Domingos Catarina, Esteves Inês, Fouto Ana R, Ruiz-Tagle Amparo, Caetano Gina, Caballero-Gaudes César, Figueiredo Patrícia
Institute for Systems and Robotics - Lisboa and Department of Bioengineering, Instituto Superior Técnico, Universidade de Lisboa, Lisbon, Portugal.
Basque Center on Cognition Brain and Language, San Sebastián-Donostia, Spain.
Imaging Neurosci (Camb). 2025 Jul 14;3. doi: 10.1162/IMAG.a.80. eCollection 2025.
Cerebrovascular reactivity (CVR) can be mapped noninvasively using blood oxygenation level dependent (BOLD) fMRI during a breath-hold (BH) task. Previous studies showed that the BH BOLD response is best modeled as the convolution of the partial pressure of end-tidal CO2 (PetCO2) with a canonical hemodynamic response function (HRF). However, previous model comparisons employed a global bulk time lag, which is now well accepted to provide only a rough approximation of the heterogeneous distribution of response latencies across the brain. Here, we investigate the best modeling approach for mapping CVR based on BH BOLD-fMRI data, when using a lagged general linear model approach for voxelwise lag optimization. In a group of 14 healthy participants, we compared two types of regressors (PetCO2 and Block), and three convolution models (no convolution; convolution with a single gamma HRF; and convolution with a double gamma HRF), as well as a range of HRF delays and dispersions (for models with convolution). Convolution with a single gamma HRF yielded the greatest CVR values in PetCO2 models, while a double gamma HRF performed better for block models. Although PetCO2-based regressors generally outperformed block-based regressors, as expected, the latter may be an appropriate alternative in cases of poor CO recordings.

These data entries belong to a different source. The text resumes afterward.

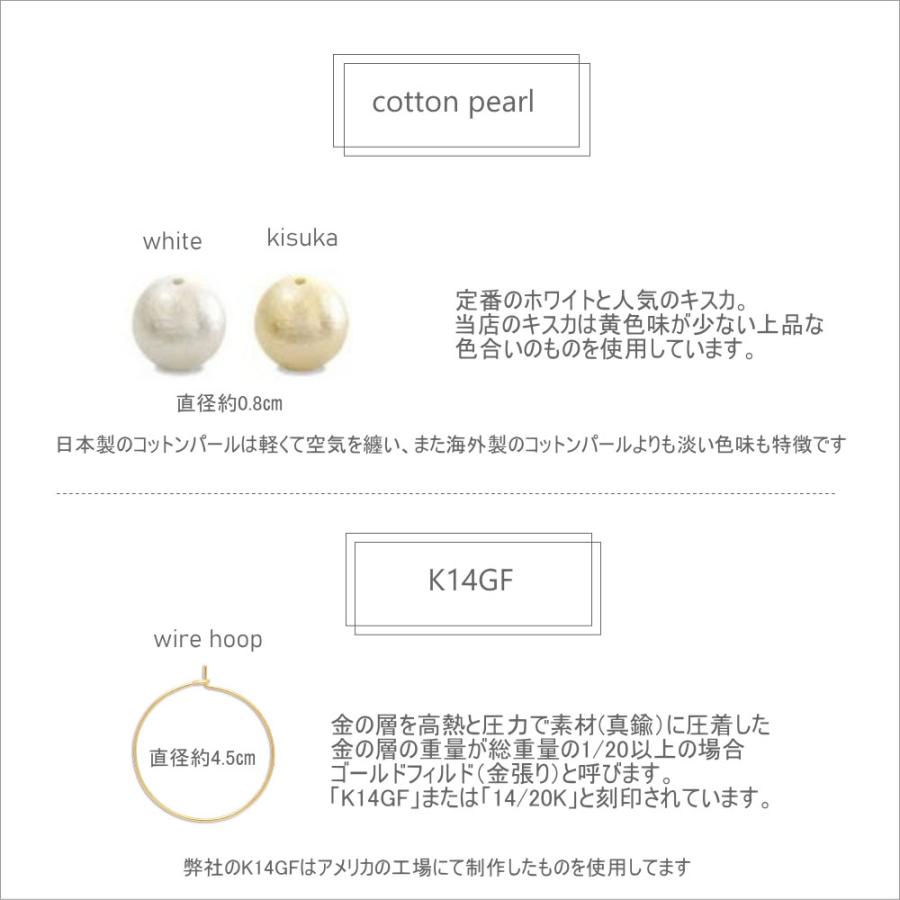 K14GFフープ×コットンパールピアス 清楚で優しいフェイスラインをつくる |  | 05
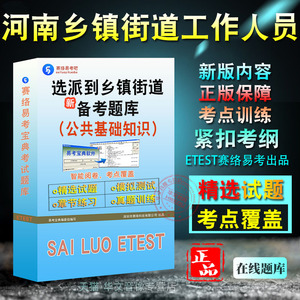 河南乡镇街道工作人员考试
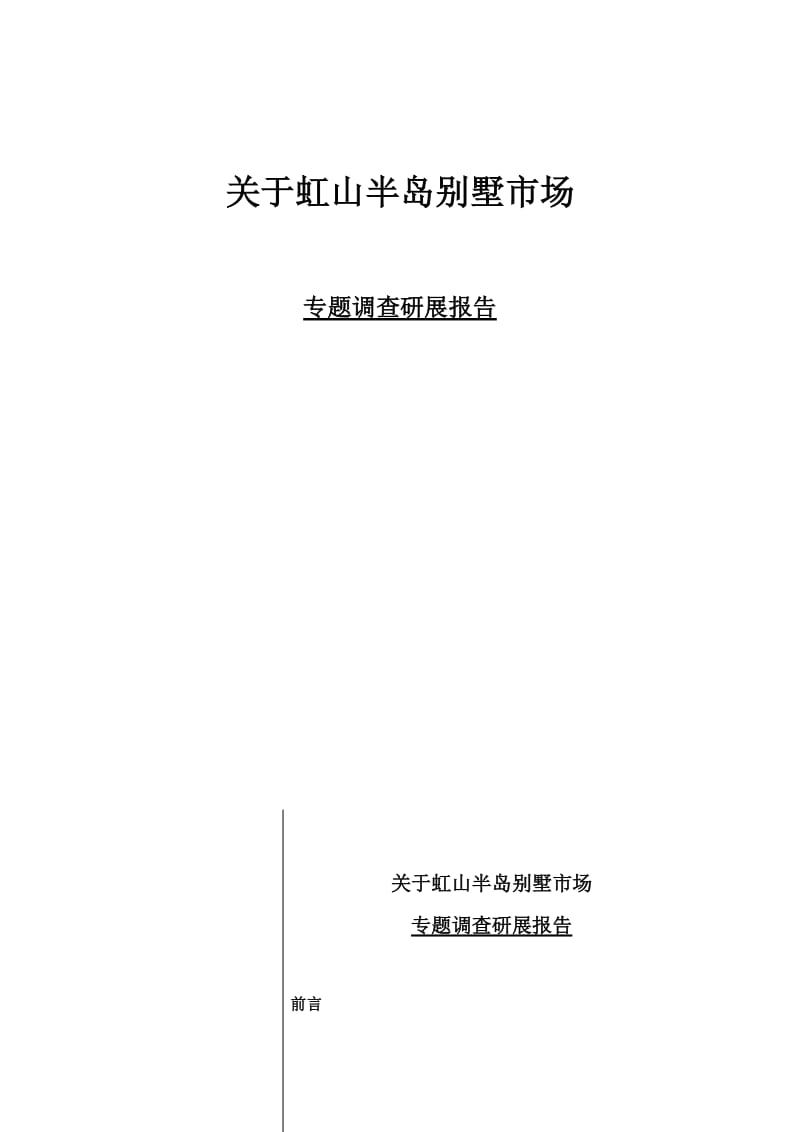 虹山半岛别墅市场专题调查研展报告背景篇.doc_第2页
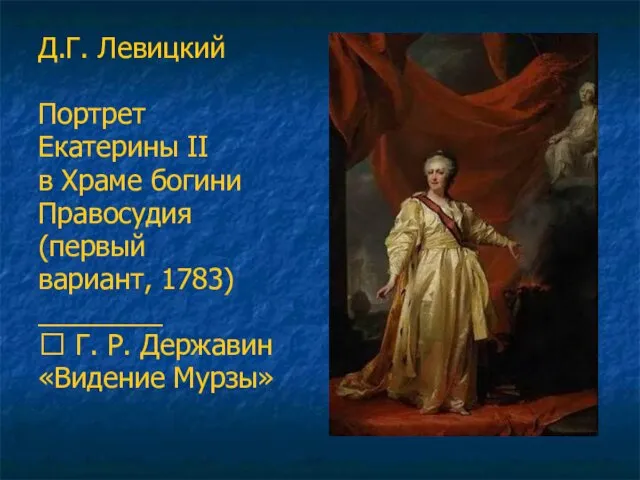 Д.Г. Левицкий Портрет Екатерины II в Храме богини Правосудия (первый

Overall, our results support the use of specific modeling approaches for CVR mapping based on end-expiration BH BOLD-fMRI, including the voxelwise optimization of the lag.

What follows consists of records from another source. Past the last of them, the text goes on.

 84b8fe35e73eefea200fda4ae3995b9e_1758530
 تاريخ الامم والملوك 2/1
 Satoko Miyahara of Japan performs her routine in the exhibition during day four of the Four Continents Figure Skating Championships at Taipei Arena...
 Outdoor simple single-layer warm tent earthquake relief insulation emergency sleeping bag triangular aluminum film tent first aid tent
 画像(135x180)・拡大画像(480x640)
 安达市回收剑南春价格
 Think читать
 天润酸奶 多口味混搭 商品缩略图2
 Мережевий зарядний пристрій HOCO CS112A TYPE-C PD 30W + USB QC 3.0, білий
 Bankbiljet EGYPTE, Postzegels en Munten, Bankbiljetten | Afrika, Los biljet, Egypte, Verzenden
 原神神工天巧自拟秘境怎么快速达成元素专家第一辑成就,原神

在屏气(BH)任务期间,可以使用基于血氧水平依赖(BOLD)的功能磁共振成像(fMRI)对脑血管反应性(CVR)进行无创性映射。先前的研究表明,屏气BOLD反应最好建模为呼气末二氧化碳分压(PetCO2)与典型血流动力学反应函数(HRF)的卷积。然而,先前的模型比较采用了全局整体时间延迟,现在人们普遍认为这种延迟只能粗略地近似大脑中反应潜伏期的异质分布。在此,我们研究了在使用滞后一般线性模型方法进行体素级延迟优化时,基于屏气BOLD-fMRI数据映射CVR的最佳建模方法。在一组14名健康参与者中,我们比较了两种类型的回归变量(PetCO2和Block)、三种卷积模型(无卷积;与单个伽马HRF卷积;与双伽马HRF卷积),以及一系列HRF延迟和离散度(对于有卷积的模型)。在PetCO2模型中,与单个伽马HRF卷积产生了最大的CVR值,而双伽马HRF在块模型中表现更好。尽管基于PetCO2的回归变量通常优于基于块的回归变量,但正如预期的那样,在CO记录不佳的情况下,后者可能是一种合适的替代方法。总体而言,我们的结果支持使用基于呼气末屏气BOLD-fMRI进行CVR映射的特定建模方法,包括体素级延迟优化。